‘Saltburn’ Movie Review [Philadelphia Film Festival 2023]: Emerald Fennell’s Sophomore Effort Is Wild, Lusty, and Delectably Twisted

Saltburn

Photo from the Philadelphia Film Festival

From Jeremy Kibler

Emerald Fennell already showcased a provocative voice with her Oscar-winning 2020 directorial feature debut, Promising Young Woman, which was viciously confrontational, sobering, and wickedly funny. No sophomore slump, Saltburn is today’s kinkier answer to The Talented Mr. Ripley. It’s wild, bitchy, lusty, and delectably twisted, distinguished by an exceptionally talented cast, Fennell’s biting script, and her stylish direction.

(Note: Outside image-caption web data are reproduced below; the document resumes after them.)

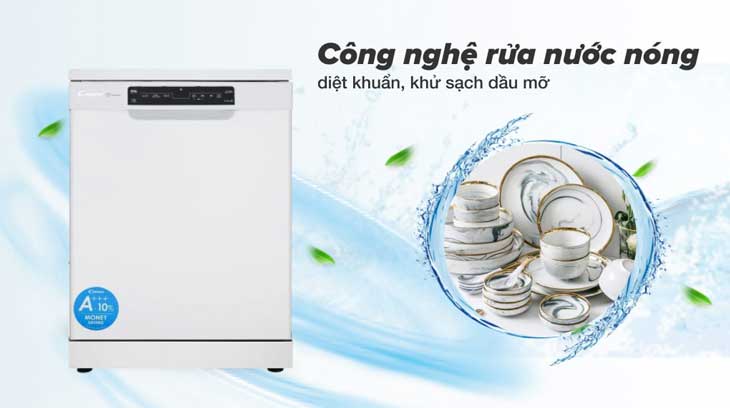Máy rửa chén âm tủ Candy CDPN 4D620PW/E có khả năng diệt khuẩn, loại bỏ hoàn toàn vết dầu mỡ nhờ công nghệ rửa nước nóng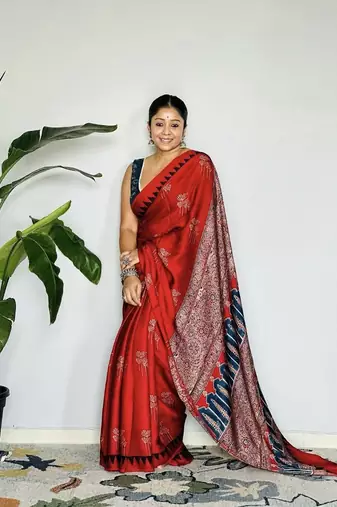 Red japan satin saree with digital print blouse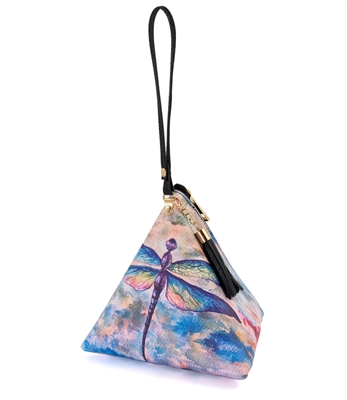 Dragonfly Triangle Wristlet Clutch Purse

Barry Keoghan plays Oliver Quick, a scholarship boy in his first year at Oxford University during the mid-2000s. From afar, he admires another student, the sexy and privileged Felix (Jacob Elordi), whose life couldn’t be easier. As Oliver falls in with Felix and his crew, he ingratiates himself into getting invited for an allegedly “relaxed” summer at Saltburn, Felix’s aristocratic family’s sprawling, lavish country estate. There, Oliver is welcomed in open arms by Felix’s mother, Elspeth (played with perfect, deliciously cutting delivery by Rosamund Pike), and father, Sir James (an equally hilarious Richard E. Grant). Then there’s also Felix’s stylish, perpetually drunk sister Venetia (Alison Oliver), who might be on to Oliver more than her vapid demeanor suggests, as is their catty, suspicious queer cousin Farleigh (Archie Madekwe). Everyone is casually cruel and planning parties all of the time, while Oliver keeps longing for Felix, or maybe to be Felix. Is it infatuation or jealousy? Is Oliver being honest with anyone? Is it better to be a fake somebody than a real nobody? Just ask Tom Ripley. 

It’s possible that Saltburn deceptively begins as one thing and morphs into something else, but that something else has always been in motion. It all starts with Oliver’s desire: do we buy that anyone would be this enamored with Felix? Yes, yes, we do. With Felix being played by the alluring Jacob Elordi, we can’t really blame Oliver. Barry Keoghan has to play different versions of Oliver, depending on who he’s with and what he needs from them. Even as the actor has a face for playing dangerous weirdos (and apparently into manipulating and splitting families apart), Keoghan is quite beguiling and fearlessly weasels into the headspace of this enigma. Pike, Grant, Oliver, and Madekwe are all sensational, finding vulnerability within their acerbic asides. Carey Mulligan is also very funny in only a couple of scenes as a vapid, flighty houseguest, credited as “Poor Dear Pamela,” who’s long overstayed her welcome. 

The story is one we have surely seen before, in which an interloper latches him or herself onto another person and insinuates themselves into that person’s world in opportunistic and murderous ways. However, we haven’t seen this story told by Fennell with gallows humor and her bold style aided by Linus Sandgren’s gorgeously moody photography. Languid summer days of playing tennis, smoking and getting drunk, and lounging by the pool almost take on a care-free dreaminess, especially within an inspired montage cued to MGMT’s “Time to Pretend.” 

There are at least three unforgettably perverse and intimate moments in Saltburn that will have audiences unsure how to respond. Look for a bathtub, a moment of cunnilingus, and a fresh grave! Maybe you’ll be shocked, uncomfortable, nervously giggling, weirdly turned on, or all of the above. Then there’s the ending, a tracking shot around Saltburn accompanied by Sophie Ellis-Bextor’s exuberant “Murder on the Dancefloor.” It’s a cynical, pitch-black victory for one character, but tragic for everyone else. 

Fennell may walk us back through the sequence of dominoes falling more than she needed to when we can easily infer the long game, but she nonetheless orchestrates such a playfully callous ride of debauchery and dark machinations. Lest one think the film is just another variation on eating the rich, save your complete opinion until the very end as Saltburn is a razor-sharp takedown of class with a psychosexual bent that disturbs and exhilarates in equal measure.

Rating: 4.5/5

Saltburn was the closing film at the Philadelphia Film Festival. It opens in theaters nationwide on November 23, 2023.